Menurut Pak Tua, desa Bena jika dilihat dari atas bentuknya seperti perahu besar. Perahu menurut kepercayaan megalitikum merupakan wahana untuk mengantarkan para arwah untuk menuju tempat tinggalnya. Lalu Pak Tua menunjuk suatu pondokan yang berada di tengah lapangan.
“Pondok itu, namanya Baga dan Ngadu, semacam tempat untuk bersemayamnya nenek moyang kami”. Aku memperhatikan bangunan itu. Terlihat seperti rumah adat dan batu yang dipayungi oleh ijuk. Sarang laba-laba ada dimana-mana, menunjukkan pondokan itu cukup tua. Hampir mirip dengan rumah yang kududuki saat ini. Dibangun dari kayu, beratapkan ijuk dan berlantai panggung. Hanya sedikit tersentuh oleh modernisasi.

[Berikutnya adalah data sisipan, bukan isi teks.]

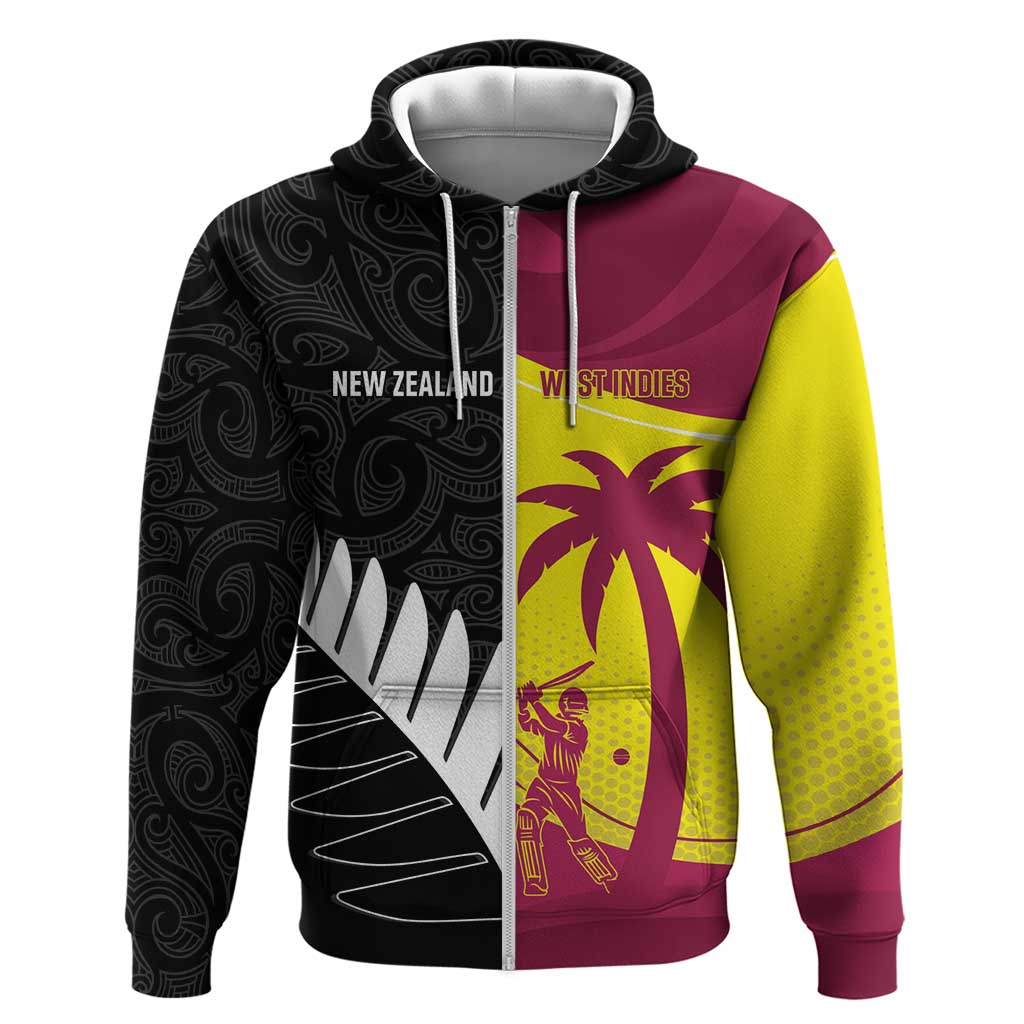 New Zealand and West Indies Cricket Custom Zip Hoodie Black Cap Windies Together - Polynesian Pride
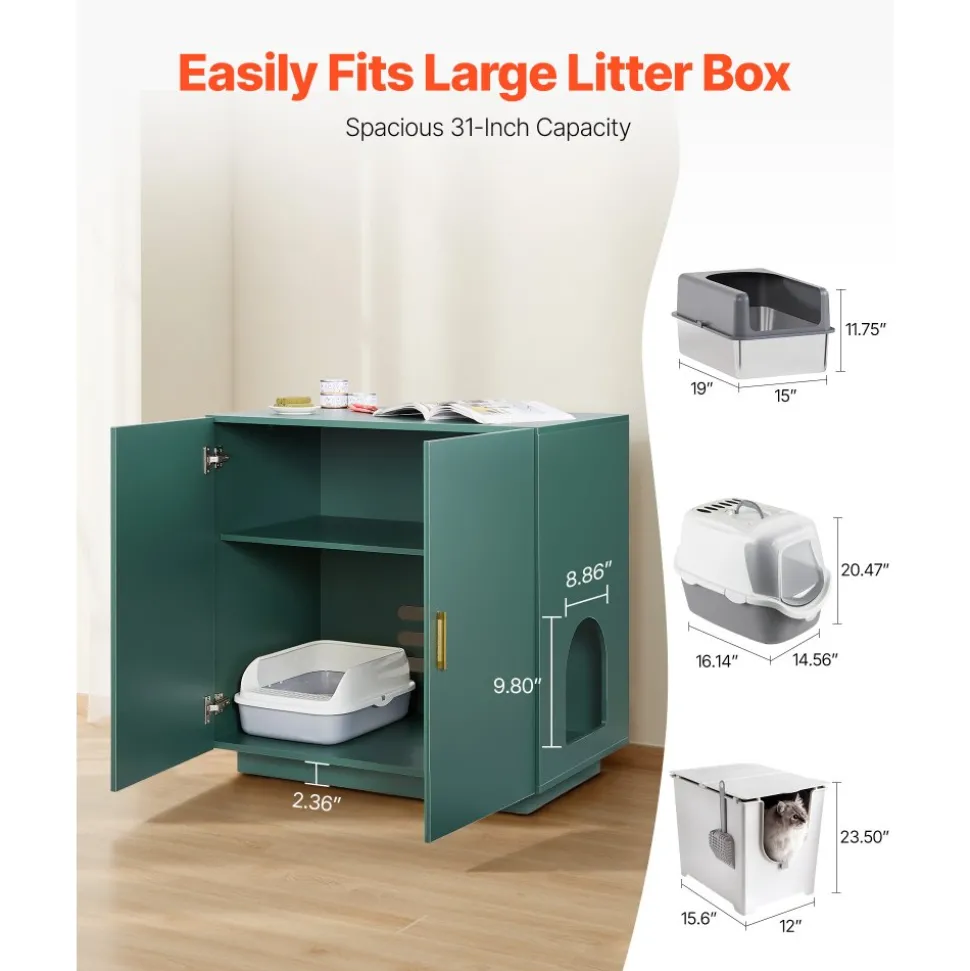VEVOR Cat Litter Box Enclosure for Multi Cats, 47.2 in Hidden Litter Box Cabinet with 4 Doors & 2 Entries, Indoor Cat Washroom, Wooden Kitty House Furniture Side Table, Fit Most Litterboxes, Green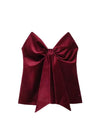 Bow Applique Corset Velvet Top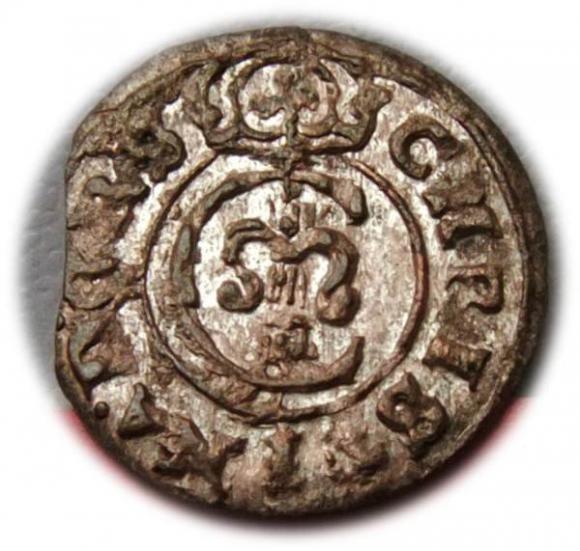 Szeląg 1647 Krystyna Waza Liwonia (1)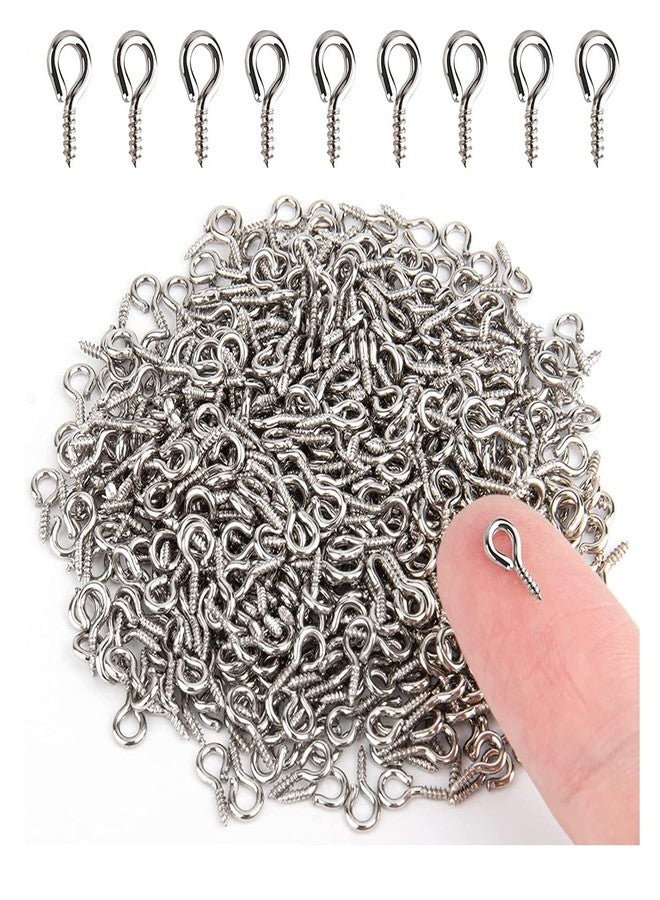 Excellentcrafts 100PCS Small Screw Eye Pins, 4 x 8mm Eye Pin Hooks, Eyelets Screw Threaded Clasps Hooks for Doing Art DIY, Mini Metal Hoop Peg for Jewelry Making (Nickel) - Image 1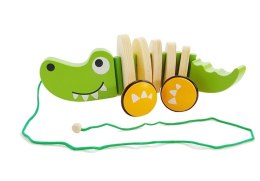 LEAN Toys Drewniany Krokodyl na Kółkach 18cm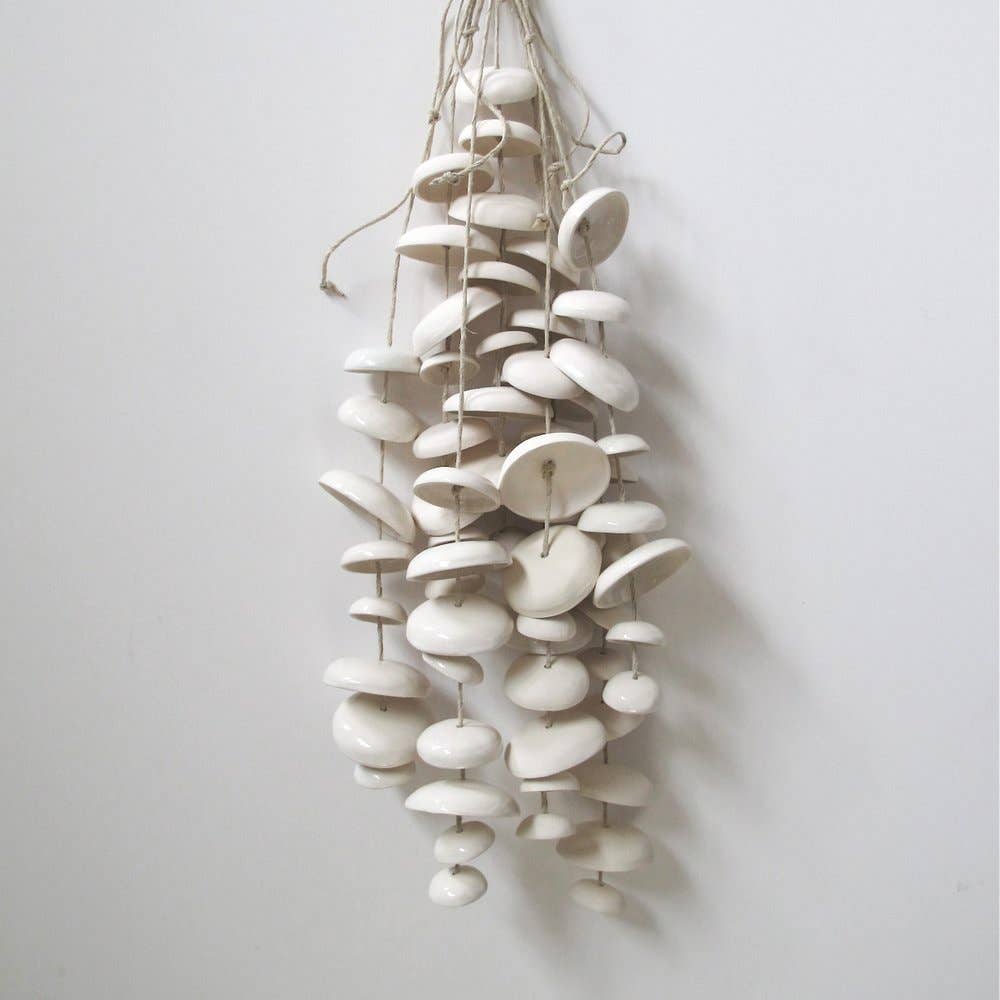 Mudpuppy Ceramic Studio - Wholesale Wind Chime - Moon Chimes Half Stack Unglazed Natural Buff Stoneware3
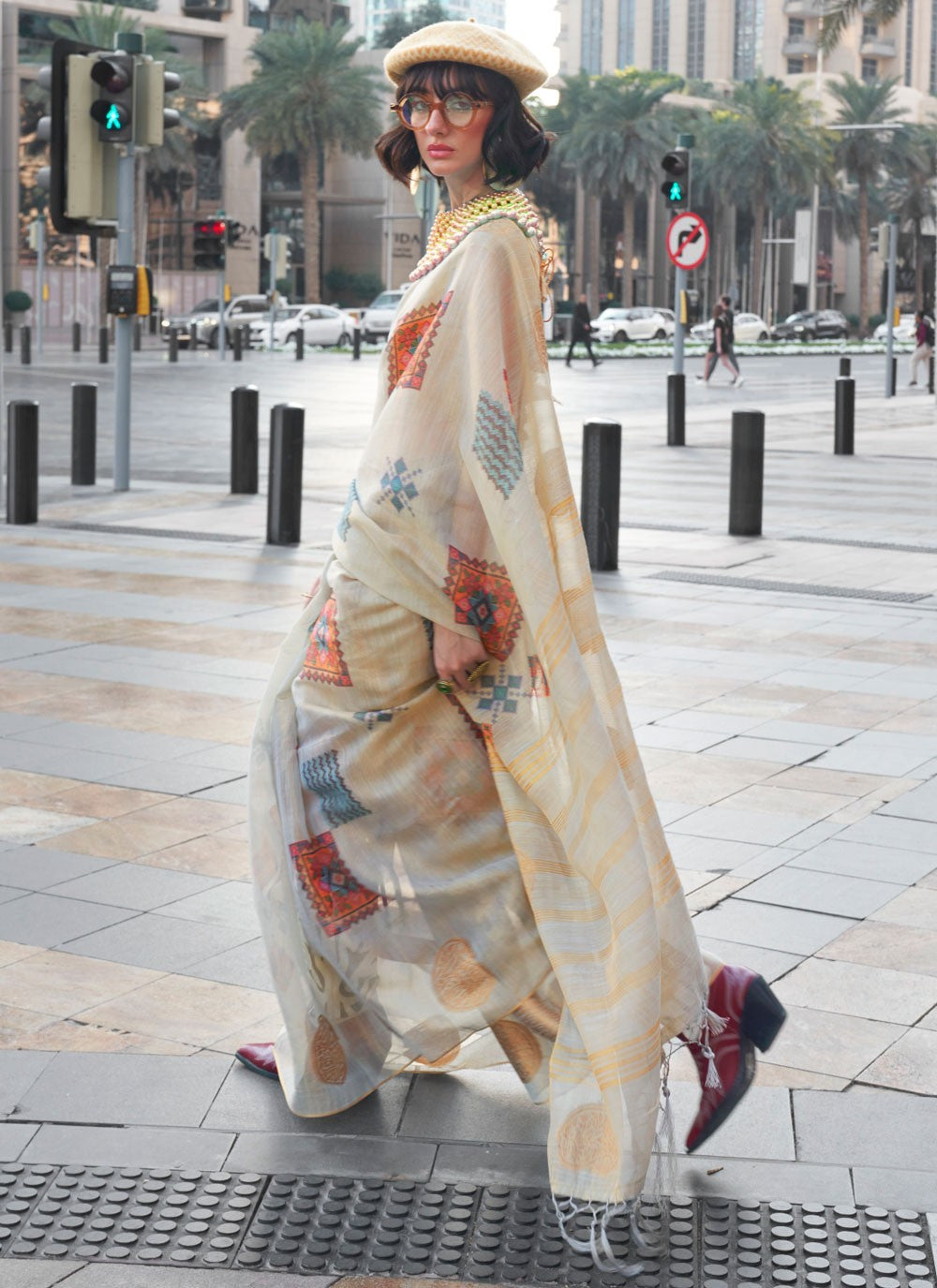 Trendy Printed Tissue Saree - S5728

Pak Tua melanjutkan kembali ceritanya.
“Dahulu kala disini belum tersentuh modernisasi. Tetapi semenjak diangkat menjadi warisan dunia dan terjadi lonjakan wisatawan, mau tidak mau modernisasi mengikuti”.
“Coba nanti kamu keliling, ada parabola disalah satu rumah untuk nonton TV.”
Aku mengangguk tanda mengerti. Bagaimanapun juga, modernisasi akan terjadi dimanapun. Sama seperti desa adat yang pernah kutemui di Sumba. Disaat modernisasi mulai menggerogoti tradisi. Dimulai dari pemuda ingusan yang mengerti smartphone, hingga para orang tua yang kecanduan menonton televisi. Semua bisa berubah dengan beberapa langkah kaki wisatawan yang datang dengan pengaruh yang berbeda-beda.
Aku tak bisa membayangkan apabila akhirnya modernitas menggerogoti tradisi hingga tak bersisa. Beberapa puluh tahun yang akan datang, bisa jadi semuanya akan berubah, tak seperti dulu.